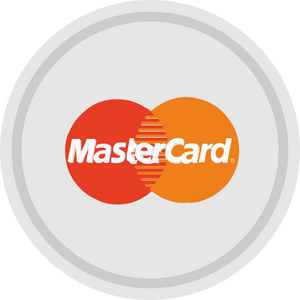 Payment method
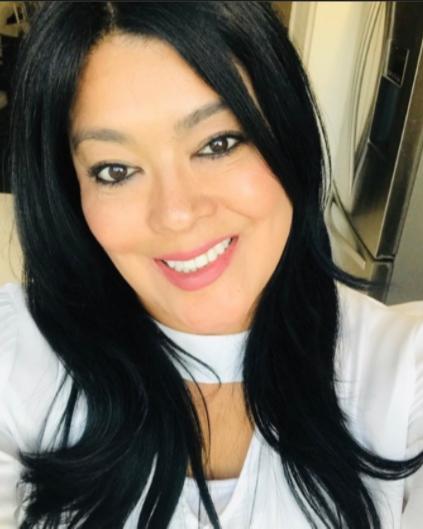 Keisha770, Derby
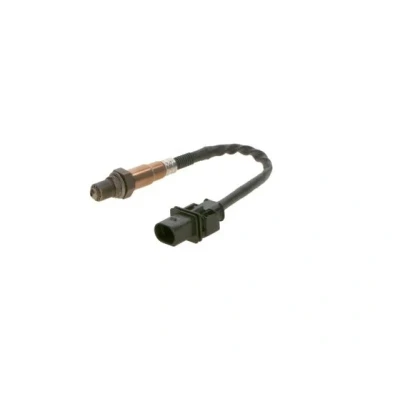 Imagen de Sonda Lambda BOSCH 0 281 004 568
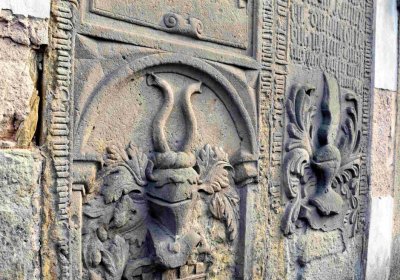 Šimůnek Tomáš, 2017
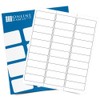 Customizable Address & Mailing Labels - 2.625 x 1 -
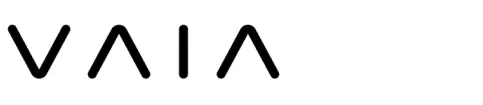 VAIA Digital AB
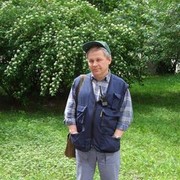  ,   Orlov, 69 ,   ,   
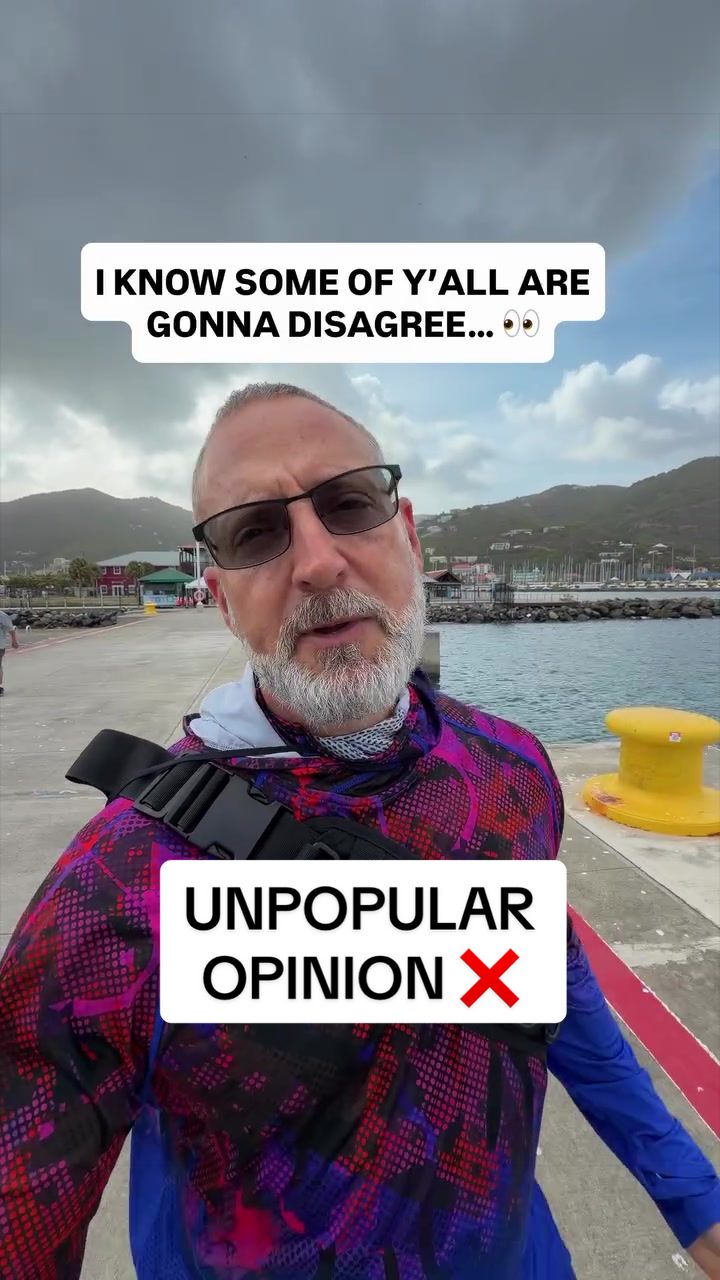 @Adventures In Retirement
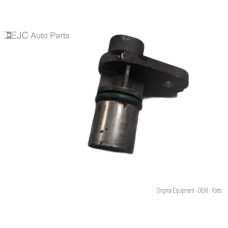 65L118 Crankshaft Position Sensor For 03-04 Chevrolet Trailblazer  4.2 12567712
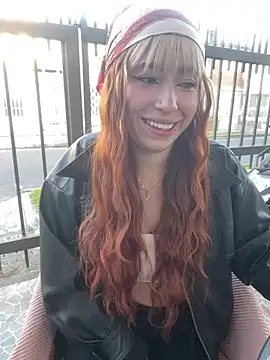 Sallem Pink online show from January 19, 11:50 am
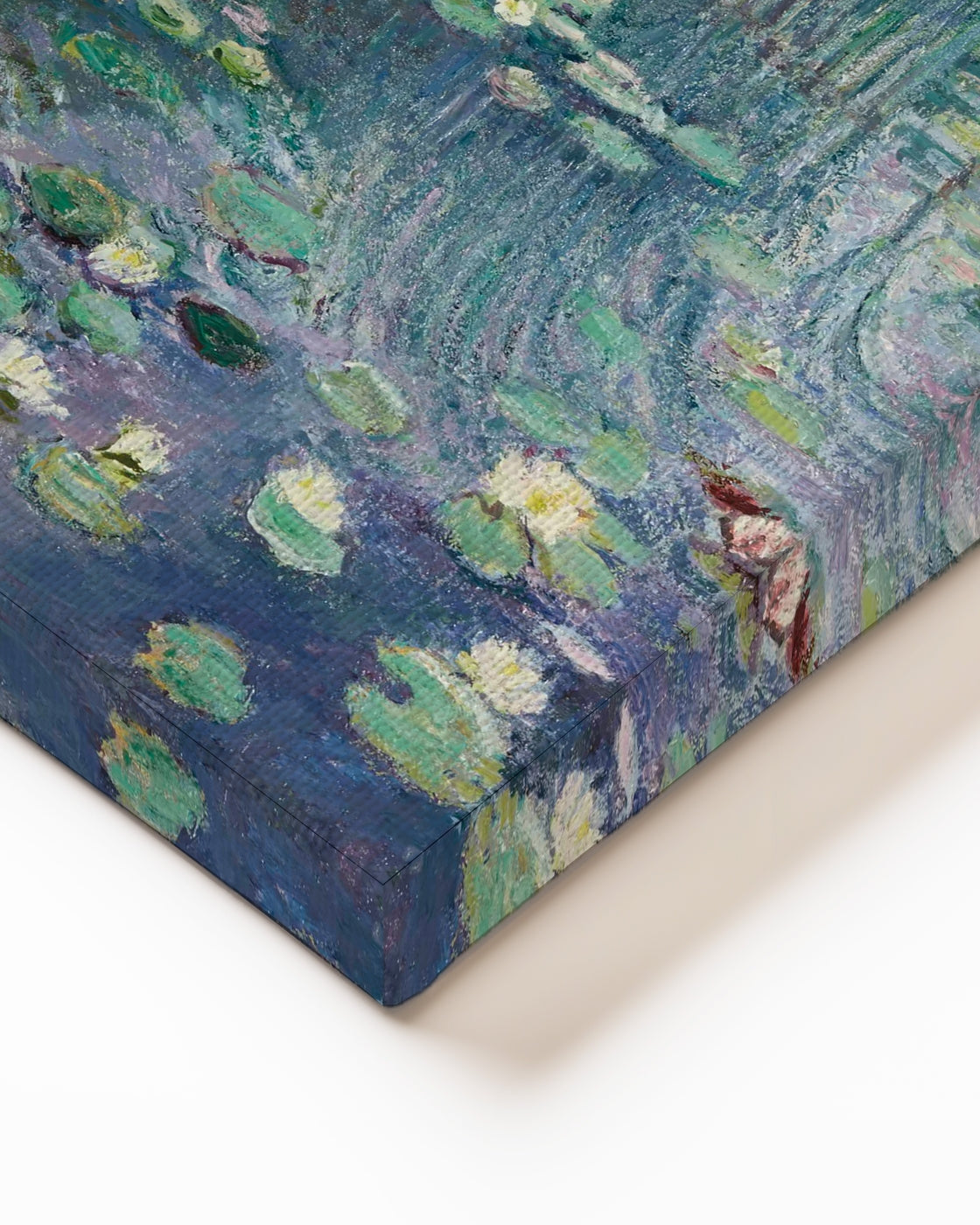 stretched-canvas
====
An exact copy of the lines from the one with "VAIA Digital AB" through the last line of the records, inclusive, is required, with all pictures left out.

 VAIA Digital AB
  ,   Orlov, 69 ,   ,   
 @Adventures In Retirement
 65L118 Crankshaft Position Sensor For 03-04 Chevrolet Trailblazer  4.2 12567712
 Sallem Pink online show from January 19, 11:50 am
 stretched-canvas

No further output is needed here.